CN113163672B - Phase change heat storage type radiator utilizing thermal expansion of phase change material - Google Patents

Abstract

The invention discloses a phase change heat storage type radiator utilizing the thermal expansibility of a phase change material, which comprises a top cover, a negative pressure region, a packaging base body, a composite channel pipe, an organic phase change material and a cold plate, wherein the cold plate is arranged at the bottom of the packaging base body; the high-temperature liquid phase-change material close to the bottom heat source is released to the top position by utilizing the high pressure generated by the thermal expansion of the phase-change material, so that the efficiency of phase-change energy storage can be effectively improved, the heat dissipation performance is improved, and the effective protection time of special electronic equipment such as missile-borne equipment is prolonged.
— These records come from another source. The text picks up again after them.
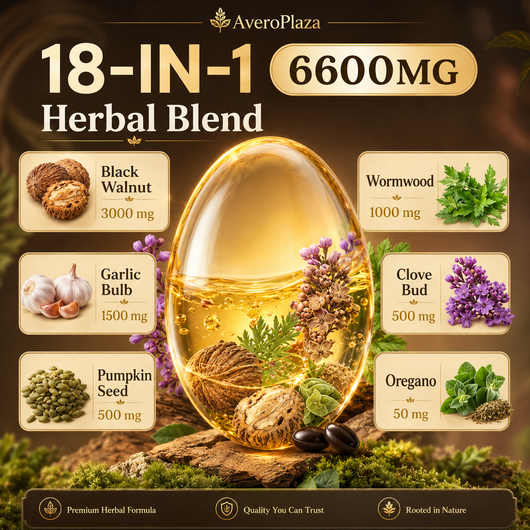 Black Walnut Soft Capsules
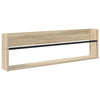 Lehtiteline Sonoman tammi 100 x 12 x 30 cm Tekninen puu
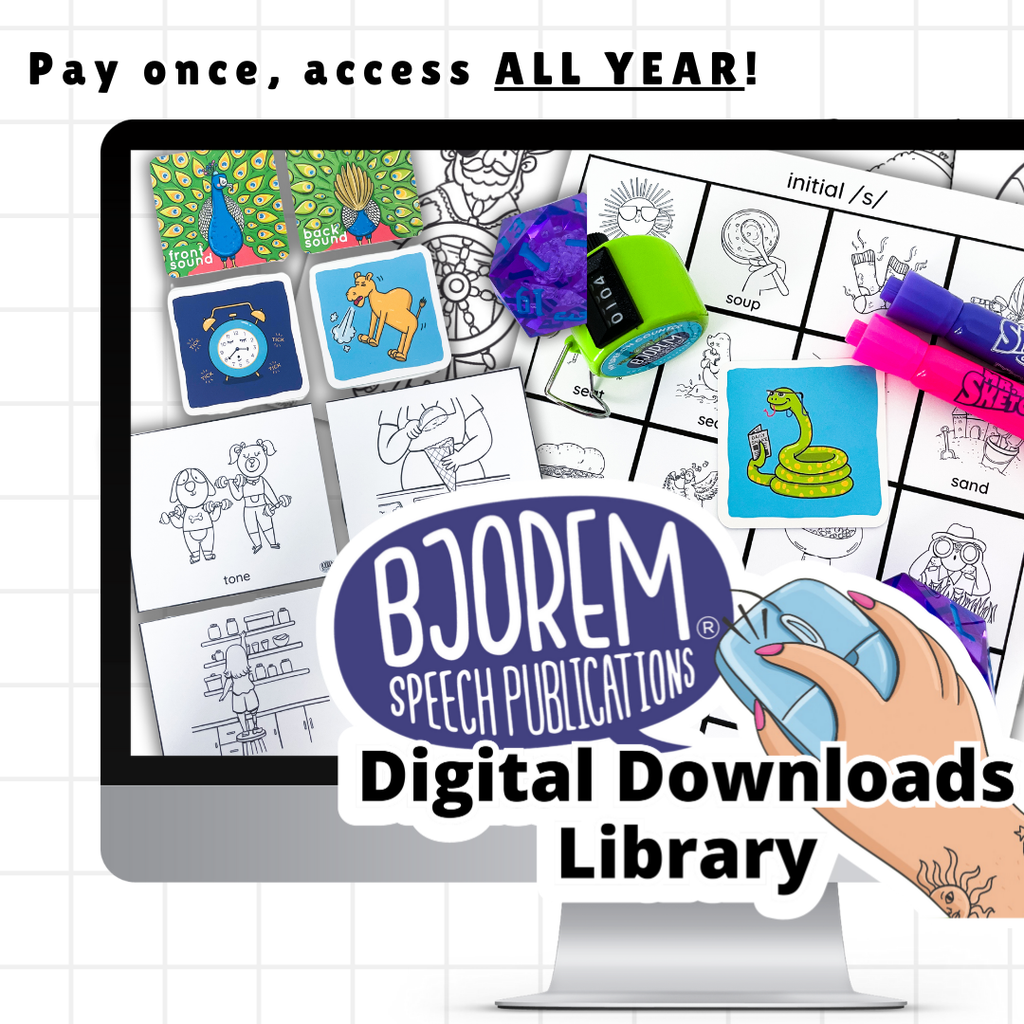 Subscription Library – Bjorem Speech®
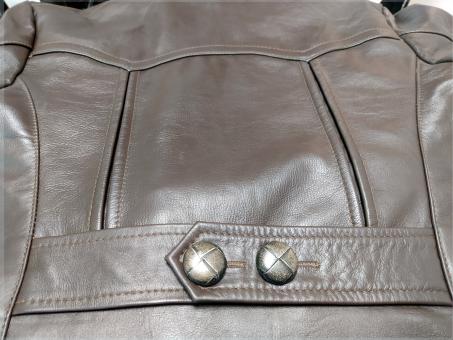 20iger Jahre Hilbert Lederjacke 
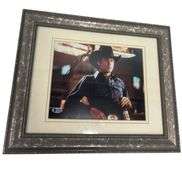 John Travolta Urban Cowboy Signed Photo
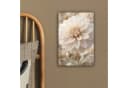OneMillionCanvasses® Leinwandbild Dahlie Weiß 20x30 cm Bild 4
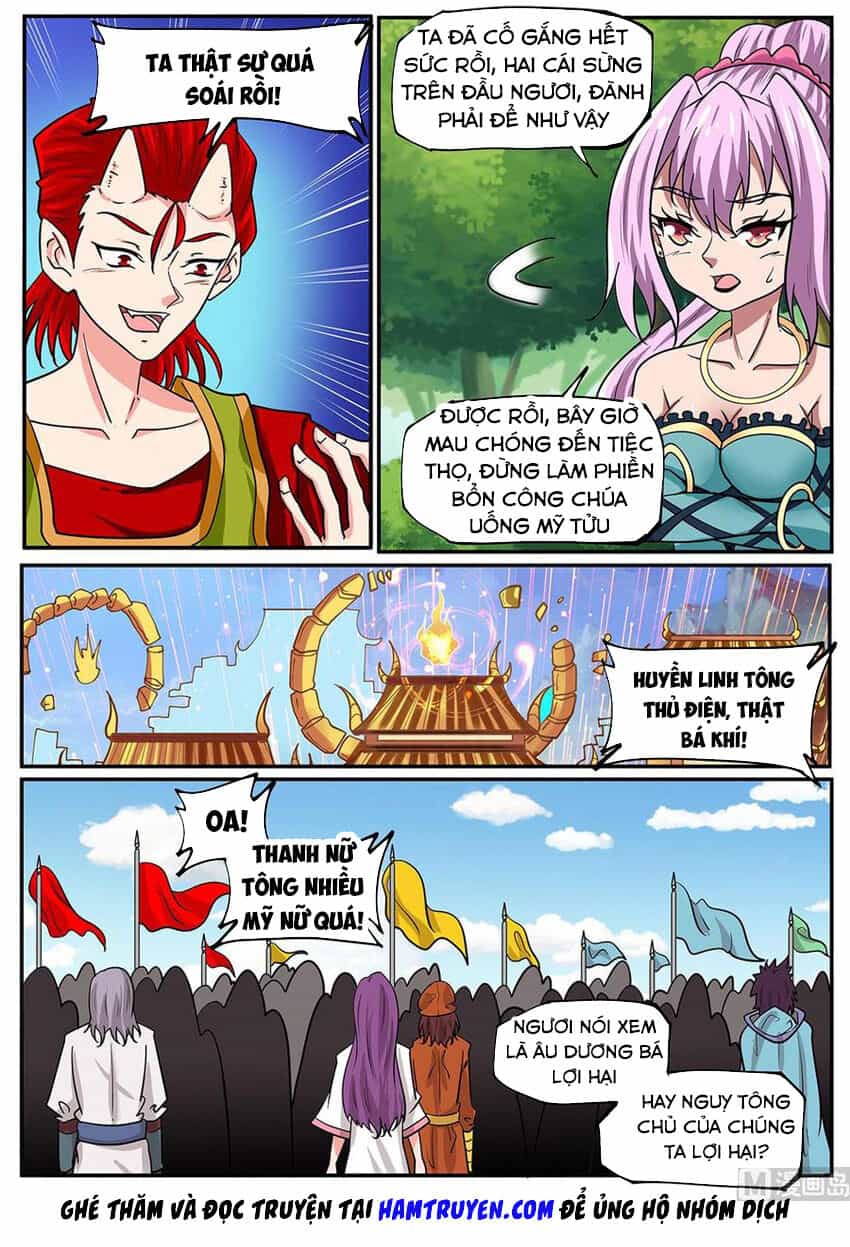 Tuyệt Thế Chiến Hồn - Chương 272 - ảnh 7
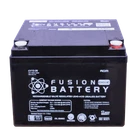 12V 26AH FUSION AGM/SLA DEEP CYCLE BATTERY SCOOTER GOLF CART BUGGY WHEELCHAIR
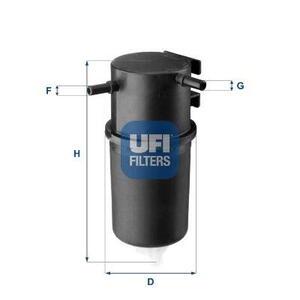 Palivový filtr UFI 24.145.00
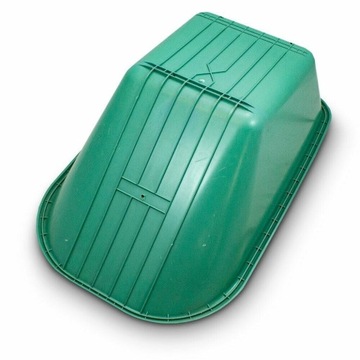 Stalowa Misa zapasowa do Taczki wózka Koryto Ocynk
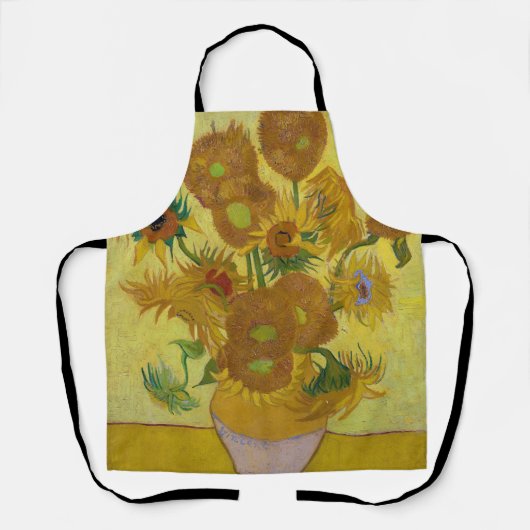 Zonnebloemen, Vincent van Gogh Schort (Voorkant)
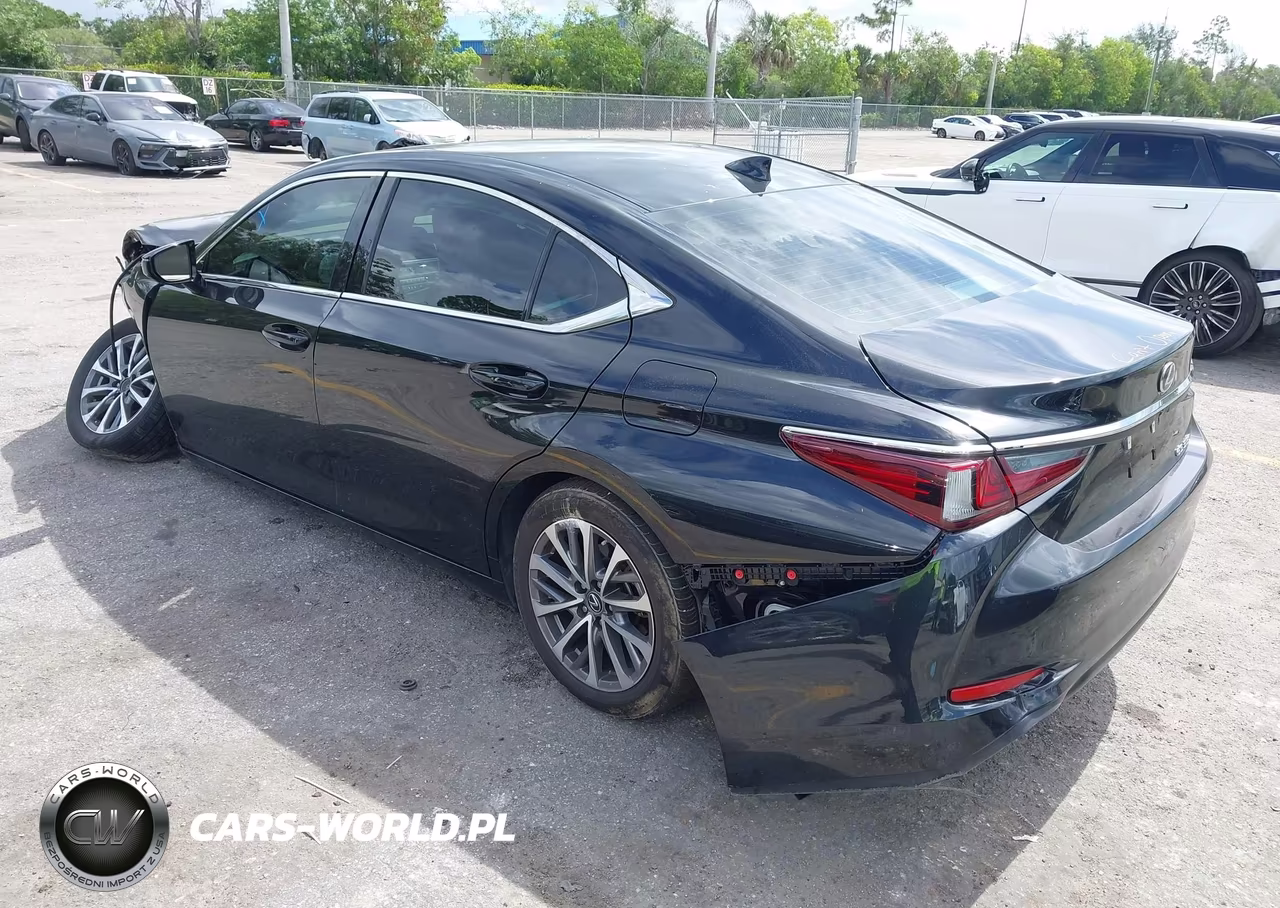 2023 Lexus Es 350 VIN:58ACZ1B10PU146307 - 3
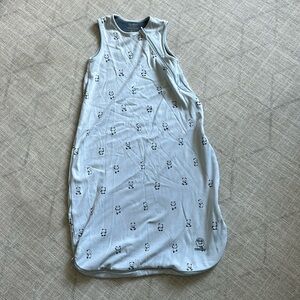 Woolino 4 Season Basic Baby Sleeping Bag, Merino Wool, Panda
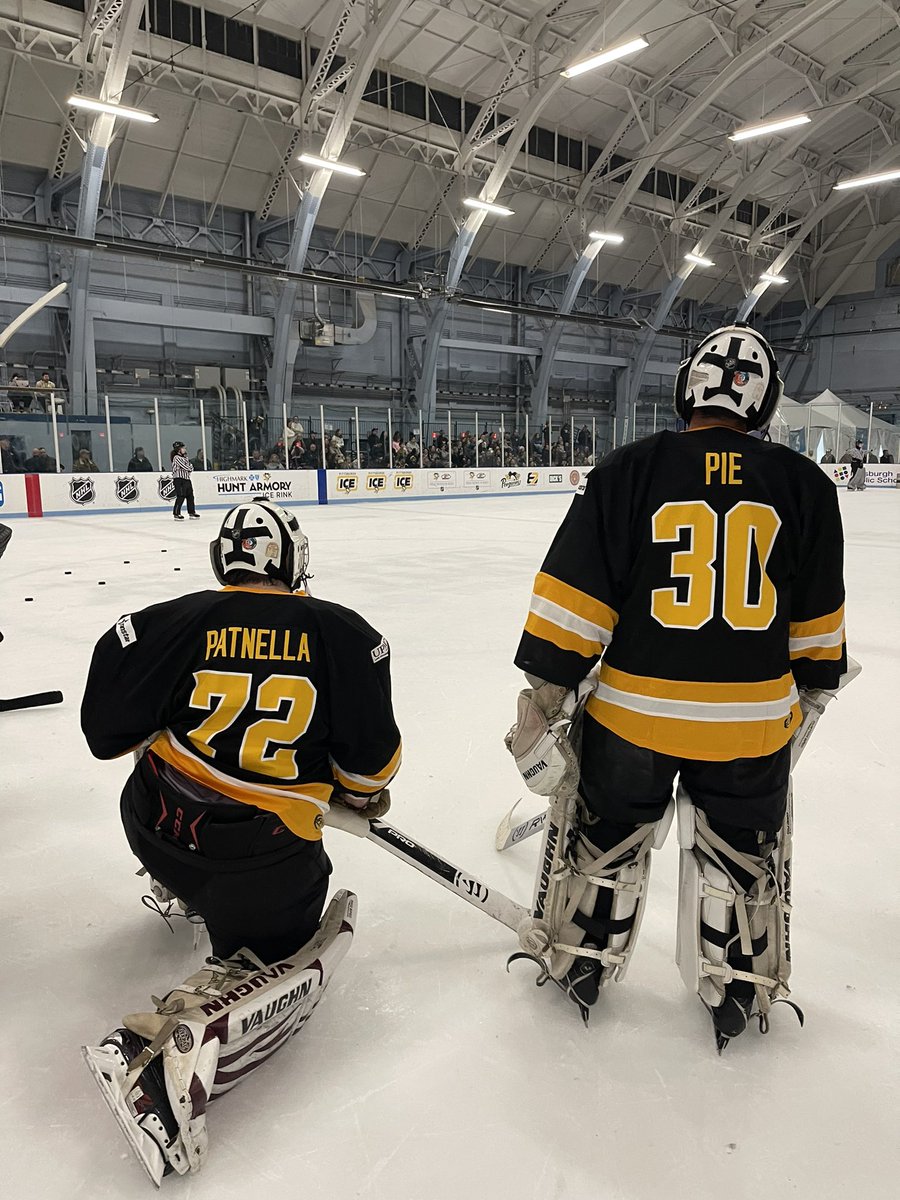 IcePittsburgh's tweet image. Still reminiscing over our inaugural Goalie Game! ๐ฅ
๐ง
@TranstarTweets | @UPMC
And the serious consequence that the phase-change material cannot normally operate due to leakage of the phase-change material caused by the fact that the expansion volume is enlarged and the internal pressure is rapidly increased after the phase-change material is melted is effectively solved.

Description

Phase change heat storage type radiator utilizing thermal expansion of phase change material

Technical Field

The invention relates to the technical field of heat dissipation of electronic equipment, in particular to a phase change heat storage type heat radiator utilizing thermal expansibility of a phase change material.

Background

Along with the rapid development of society, electronic circuits become more complex, the operation load is continuously increased and the miniaturization is developed, the local heat flux density of equipment in the working process becomes larger and larger along with the improvement of integration level, and the heat dissipation problem is increasingly prominent. For the missile-borne electronic equipment, more heat can be released in a short time, if the heat dissipation can not be reasonably optimized, the temperature of an electronic device can be rapidly increased, certain damage is caused to a missile-borne system, and the normal operation of the missile-borne electronic equipment is seriously influenced. When the temperature exceeds a certain critical value, some electronic devices can completely fail, which has a great influence on the battle mission and even the national defense safety.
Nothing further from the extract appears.